31 Nights o' Horror Selections #5: BEETLEJUICE @ 35

Young Adam and Barbara Maitland find themselves rendered as ghosts after a car accident. The world outside the door for them is a weird and hostile environment, somewhere between a moon of Saturn and a Tex Avery cartoon. Before they can quite settle into the new reality a small family of New Yorkers moves into the place, threatening to strip the house into the kind of affected monstrosity that plays better in Manhattan than here in Connecticut. The Maitlands have found a book left for them by unseen forces, a manual the recently deceased. It's wordy and dry and difficult to read but they come across an ad in it for an entity who offers a kind of extermination service to get rid of the new living pests. This manifests on the attic televsion as a home-made late night style commercial. The guy really wants to be seen. Should they?

Tim Burton's second feature came cool on the heels of his debut Pee Wee's Big Adventure from three years previous. While that had been a marginal hit at best it still made an impression for its quirky story, the star's uber quirky performance and Burton's own family friendly bizarreness in design and direction. He was a fit for Beetlejuice but that didn't come up until Burton had rejected a pile of mid-'80s drivel that was going for the John Hughes quirky teen dollar. But Beetlejuice felt bespoke. There was so much opportunity for building a world that teetered on the edge between cartoons and reality that it would have felt irresistable.

And that's how it looks and feels. The house is the sole quirk free element in this conflict between a couple who would vanish in sunlight from blandness if they weren't made interesting by being ghosts and a family of three members constantly at odds with each other. The bickering alone might write itself, just add Burton's trick or treat aesthetic, Danny Elfman's musical gymnastics and you've got an iconic hit.

I first saw this on video just after its release and while I enjoyed the ghost train look and the satirical city vs country caricatures I felt it lacking. The fresh Winona Ryder as the first goth in mainstream cinema and her own big break was pretty captivating and her counterpoint, Catherine O'Hara's Delia, created a perfectly balanced tension. Jeffery Jones was as seemingly effortless in his anxiety as he had been rarely imperial previously in Amadeus. The strangely flavourless Alec Baldwin and Geena Davis cannot quite break out of the flatness of their written parts, even when literally pulling grotesque faces in the afterlife. Glen Shadix as the urbane schemer Otho is magnetic until his function takes over and he is left with mechanics alone.

That leaves Michael Keaton in the title role, a manic, fluid voiced spinning top of a character whose malevolence is barely masked by his charm. While it's not true to say that he is the sole reason for watching the film, he owns each second he is on screen and many while he's off. But when he is off, having been introduced, he is the only thing we want to see. Without him the drag of the second act is laid too bare and is inescapable. By the time of the pre-climactic scene when we should be held by the sight of a terrible supernatural sentence passed on to the Maitlands we just keep looping between an agonisingly slow effects development and a wondrous and unbelievable reception of it by its witnesses. The race to risk the thing that would reverse this feels interminable.

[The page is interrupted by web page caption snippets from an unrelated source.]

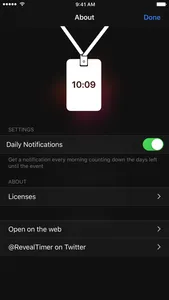 Reveal Timer screenshot 2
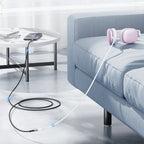 Orico AXF-30 Mini Jack 3.5mm Erkinis į Moterišką Audio Kabelis 3m - Juoda -- Audio Cables
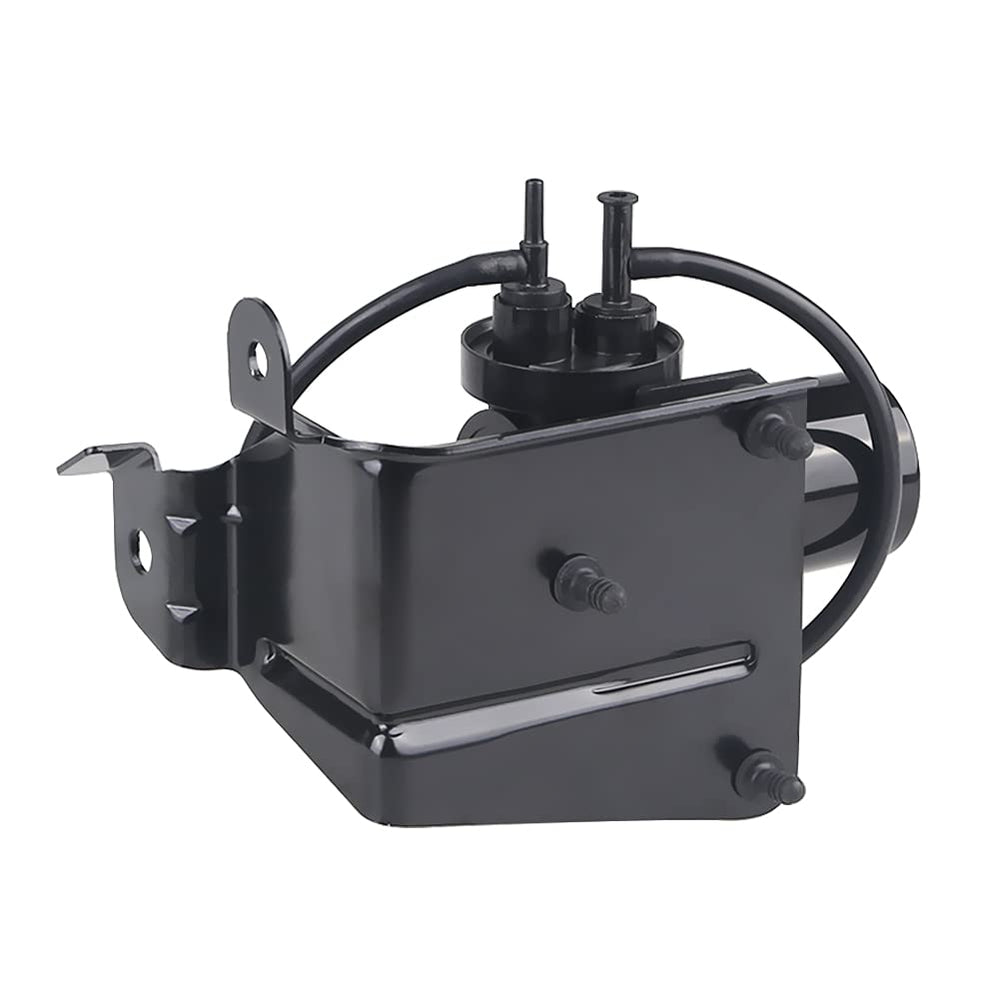 JDMON pump connected to brake booster hose showing functional link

After this, an epilogue scene which should be darkly warm ends up cute. If you like cuteness you'll dig this end. If cuteness makes you as nauseated as does me you might have to look away. I should point out here that this impression is more from my first viewing than my more recent one. More recently, I was easily able to look around Burton's clumsy mishandling of the pace of the climax and the goofy ending recognise a little more of the shifts that had occurred in the household, why the Maitlands were finally made substantial and the joy of the final moments. 

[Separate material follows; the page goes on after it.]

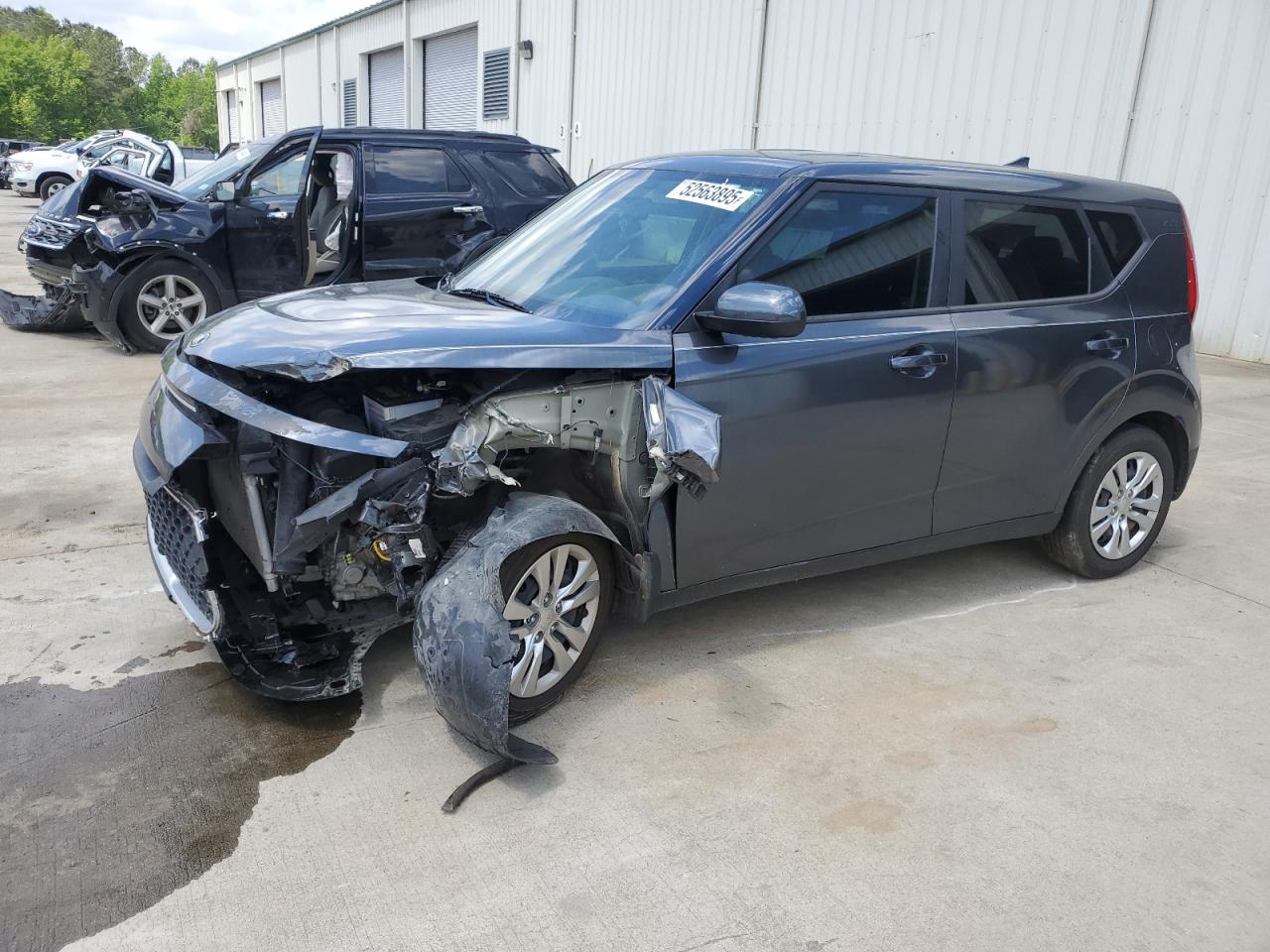 2021 Kia Soul Lx for Sale in Gaston, SC - Front End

Tim Burton's career from this high and his follow up Edward Scissorhands plateaued for a decade before making a grinding decline in the 2000s. Has his public abandoned the persistence of an old sure thing? Is Burton just another victim of a great shift to day-long comics universe films that deliver their own fantasy without the depth of his humour? Wes Anderson's authorial outings get public guernsies each time but the sense is that it's because he doesn't get more ambitious and plays to an audience that never gets sick of the flavour? Burton's triumphs have always needed writing that he doesn't appear capable of providing himself and his look and feel no longer cut it outside of imitators keeping to the limits of music videos. If he were to return it might need more Big Eyes or Ed Wood style departures but that would mean less Tim Burton. Watching Beetlejuice almost make it across the line into durability was a difficult watch for such an easy toned film and it just made me wonder if those few exceptions that revealed his skills without the goofy art direction were only glimpses into where he would go if he wanted to hide. Otherwise we could just put this on again and sing along. It is quite catchy. 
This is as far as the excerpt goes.